The conclusions we have reached are summed up as
follows:
1. The finding of the Tribunal on charge No.iii is upheld.
2. The finding in respect of the charge No.v is
unsustainable.
3. The Commission is justified in holding that Clause 7 of
the Agreement is a restrictive trade practice within the
meaning of Clause (g) of Section 33(1) of M.R.T.P. Act
and it has the effect of distorting or restricting
competition. The direction of the Commission to amend
Clause 7 suitably is correct. Irrespective of the
termination of the Agreement between appellant and
R-2, the appellant should take steps to amend a similar
clause existing in other agreements of similar nature
with the dealers.
4. The Commission exceeded its jurisdiction in giving a
direction not to give effect to the letter terminating the
Agreement and to restore the supplies to the
complainant. Such a direction cannot be sustained in
the absence of a finding that the termination of
Agreement was contrary to the provisions of the Act or
it is a device to circumvent the provisions of the Act so
as to perpetuate the restrictive trade practice.

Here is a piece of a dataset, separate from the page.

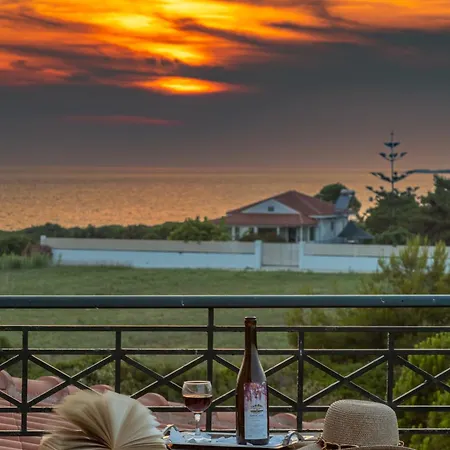 Appartamento Vitoratos Lixouri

5. The ’cease and desist’ order passed under Section
37(1)(a) becomes otiose and inoperative in view of the
fact that the contract stands terminated. The remedy
of the complainant (R-2) is to pursue his claim for
compensation under Section 12-B for the loss suffered
by him on account of the restrictive trade practice
covered by charge No.iii.
The appeal is disposed of accordingly without costs.